What the task asks
Below are records to repeat exactly; copy them without the pictures.
- - - - - - -
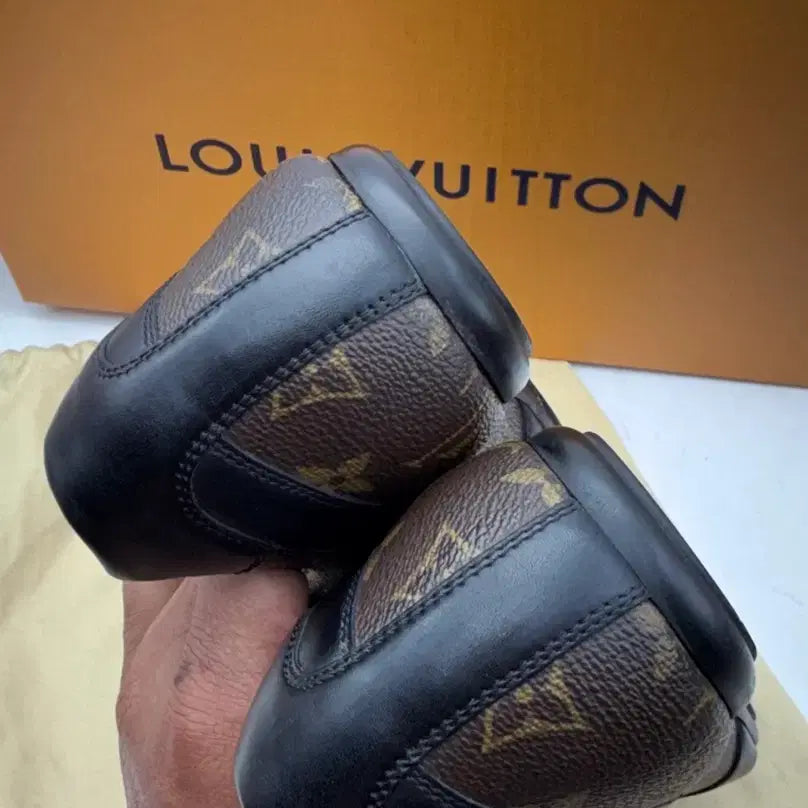 [BUNJANG] Louis Vuitton Sneakers 250 / 루이비통 스니커즈 250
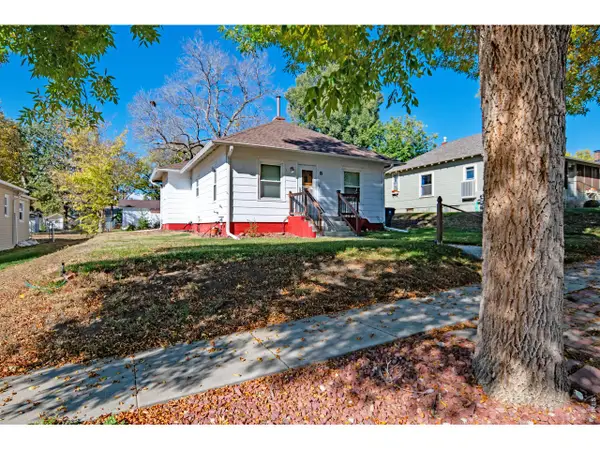 8 S Denver Ave, Johnstown, CO 80534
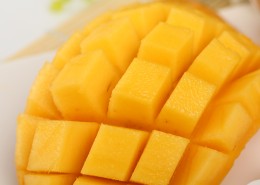 新鲜芒果摄影图片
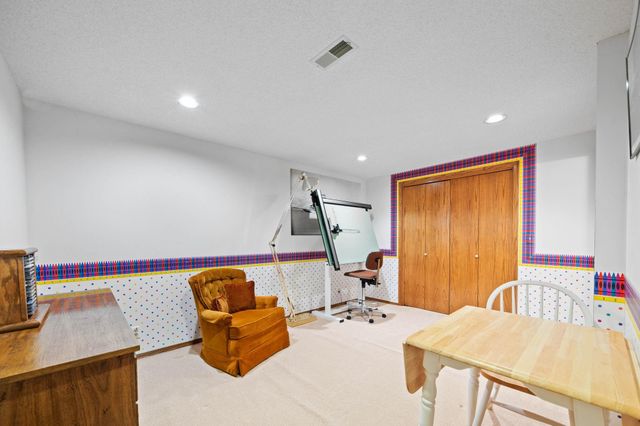 110 N Prescott St, Wichita, KS 67212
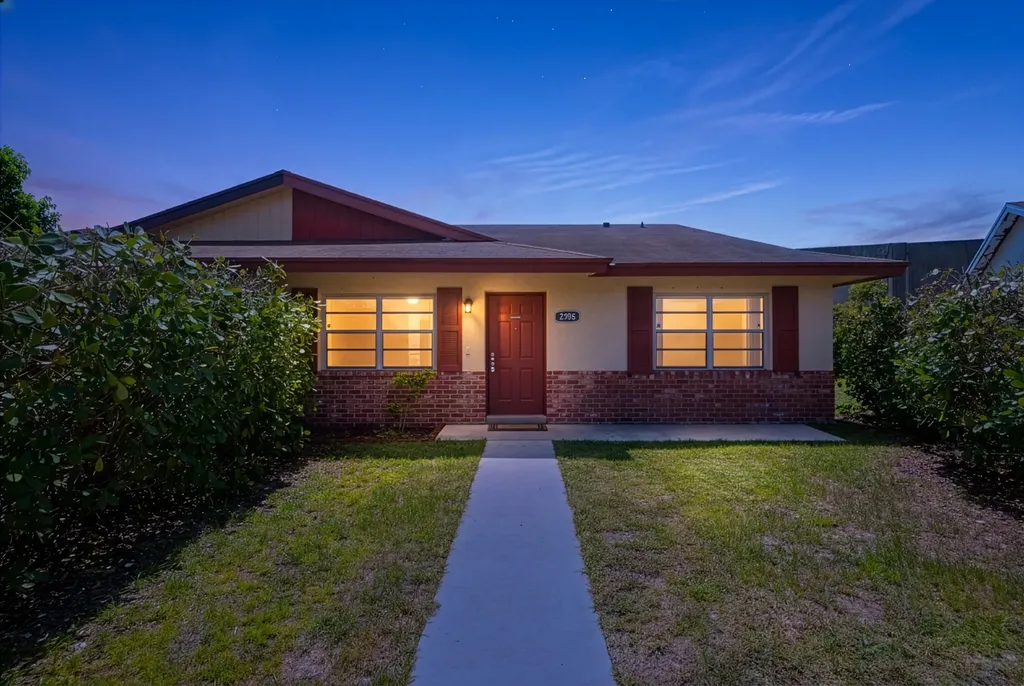 3958 Chapel Street Palm Beach Gardens FL 33403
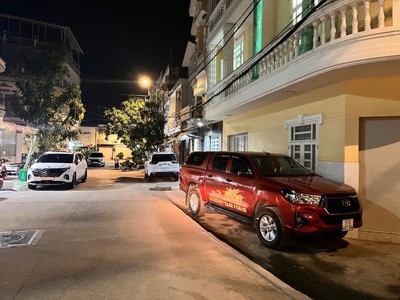 Nhà ngang 10m, có thang máy, cạnh phú mỹ hưng, chỉ hơn 8 tỷ 2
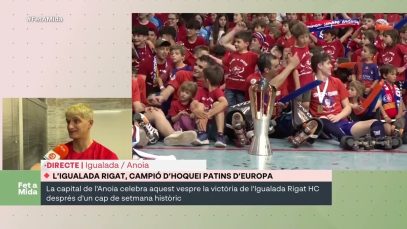 El capità de l’Igualada HC, Roger Bars, l’encarregat d’aixecar el trofeu de la Europe Cup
- - - - - - -
Finished exercise
 [BUNJANG] Louis Vuitton Sneakers 250 / 루이비통 스니커즈 250
 8 S Denver Ave, Johnstown, CO 80534
 新鲜芒果摄影图片
 110 N Prescott St, Wichita, KS 67212
 3958 Chapel Street Palm Beach Gardens FL 33403
 Nhà ngang 10m, có thang máy, cạnh phú mỹ hưng, chỉ hơn 8 tỷ 2
 El capità de l’Igualada HC, Roger Bars, l’encarregat d’aixecar el trofeu de la Europe Cup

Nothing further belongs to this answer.